§ **EXERCISE GOAL**
Could you set down exactly the lines in the records below between the line holding "Power Lift Recliner with 8 Point Heat Massage- Grey Power" and the line holding "Torrid Navy Sweater with White Bow Accent", inclusive?

BEGIN DATASET ENTRIES

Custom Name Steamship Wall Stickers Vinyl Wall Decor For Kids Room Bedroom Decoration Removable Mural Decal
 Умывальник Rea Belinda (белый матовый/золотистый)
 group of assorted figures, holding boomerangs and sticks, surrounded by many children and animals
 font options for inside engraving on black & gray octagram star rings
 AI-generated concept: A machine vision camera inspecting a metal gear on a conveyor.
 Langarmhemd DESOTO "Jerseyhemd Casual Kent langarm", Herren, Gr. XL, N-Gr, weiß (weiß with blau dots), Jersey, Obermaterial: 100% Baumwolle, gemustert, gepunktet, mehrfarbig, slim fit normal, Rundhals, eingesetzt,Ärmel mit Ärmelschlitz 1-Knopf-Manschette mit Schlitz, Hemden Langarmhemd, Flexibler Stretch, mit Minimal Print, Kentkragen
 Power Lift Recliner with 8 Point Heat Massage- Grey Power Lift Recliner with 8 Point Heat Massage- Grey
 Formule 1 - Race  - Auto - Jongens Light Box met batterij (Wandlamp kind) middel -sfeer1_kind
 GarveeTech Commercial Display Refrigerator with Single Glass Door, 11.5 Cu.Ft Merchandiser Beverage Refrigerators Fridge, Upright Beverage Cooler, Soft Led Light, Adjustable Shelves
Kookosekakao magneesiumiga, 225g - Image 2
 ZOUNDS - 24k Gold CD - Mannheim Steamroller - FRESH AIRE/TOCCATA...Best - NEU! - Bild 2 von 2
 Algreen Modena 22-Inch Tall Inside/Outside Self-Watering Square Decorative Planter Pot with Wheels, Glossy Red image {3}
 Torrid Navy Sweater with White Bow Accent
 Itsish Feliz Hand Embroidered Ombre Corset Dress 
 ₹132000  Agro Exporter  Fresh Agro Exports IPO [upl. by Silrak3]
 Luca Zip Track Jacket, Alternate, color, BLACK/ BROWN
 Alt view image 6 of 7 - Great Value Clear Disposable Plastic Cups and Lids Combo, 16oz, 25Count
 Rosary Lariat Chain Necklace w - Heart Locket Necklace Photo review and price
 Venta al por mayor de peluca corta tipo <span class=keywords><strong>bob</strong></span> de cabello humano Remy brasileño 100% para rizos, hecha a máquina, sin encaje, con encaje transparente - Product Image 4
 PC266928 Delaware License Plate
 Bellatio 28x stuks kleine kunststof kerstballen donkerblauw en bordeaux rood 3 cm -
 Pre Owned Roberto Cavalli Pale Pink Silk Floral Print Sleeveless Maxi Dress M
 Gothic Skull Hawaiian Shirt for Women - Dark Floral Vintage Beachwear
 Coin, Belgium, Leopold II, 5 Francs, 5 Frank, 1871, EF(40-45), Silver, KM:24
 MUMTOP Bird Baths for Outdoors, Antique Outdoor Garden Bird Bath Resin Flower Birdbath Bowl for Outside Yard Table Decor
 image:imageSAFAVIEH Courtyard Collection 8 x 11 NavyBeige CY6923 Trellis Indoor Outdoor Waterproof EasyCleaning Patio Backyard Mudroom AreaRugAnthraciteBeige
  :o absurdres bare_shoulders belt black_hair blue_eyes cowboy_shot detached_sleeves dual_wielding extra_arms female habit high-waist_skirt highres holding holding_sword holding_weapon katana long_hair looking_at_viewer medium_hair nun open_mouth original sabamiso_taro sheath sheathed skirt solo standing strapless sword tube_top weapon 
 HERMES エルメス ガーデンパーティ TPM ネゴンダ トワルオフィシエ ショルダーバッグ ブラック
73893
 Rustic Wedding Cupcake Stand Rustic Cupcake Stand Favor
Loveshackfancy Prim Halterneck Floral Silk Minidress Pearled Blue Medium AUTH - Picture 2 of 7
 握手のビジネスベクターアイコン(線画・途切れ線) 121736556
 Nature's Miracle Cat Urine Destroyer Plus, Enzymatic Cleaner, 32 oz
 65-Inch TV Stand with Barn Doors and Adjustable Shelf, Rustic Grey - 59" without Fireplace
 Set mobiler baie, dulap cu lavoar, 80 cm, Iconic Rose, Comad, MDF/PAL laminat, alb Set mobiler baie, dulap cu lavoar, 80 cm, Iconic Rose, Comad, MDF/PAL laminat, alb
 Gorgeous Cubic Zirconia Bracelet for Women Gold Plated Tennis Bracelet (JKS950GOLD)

END DATASET ENTRIES

§ **SOLVED EXERCISE**
 Power Lift Recliner with 8 Point Heat Massage- Grey Power Lift Recliner with 8 Point Heat Massage- Grey
 Formule 1 - Race  - Auto - Jongens Light Box met batterij (Wandlamp kind) middel -sfeer1_kind
 GarveeTech Commercial Display Refrigerator with Single Glass Door, 11.5 Cu.Ft Merchandiser Beverage Refrigerators Fridge, Upright Beverage Cooler, Soft Led Light, Adjustable Shelves
Kookosekakao magneesiumiga, 225g - Image 2
 ZOUNDS - 24k Gold CD - Mannheim Steamroller - FRESH AIRE/TOCCATA...Best - NEU! - Bild 2 von 2
 Algreen Modena 22-Inch Tall Inside/Outside Self-Watering Square Decorative Planter Pot with Wheels, Glossy Red image {3}
 Torrid Navy Sweater with White Bow Accent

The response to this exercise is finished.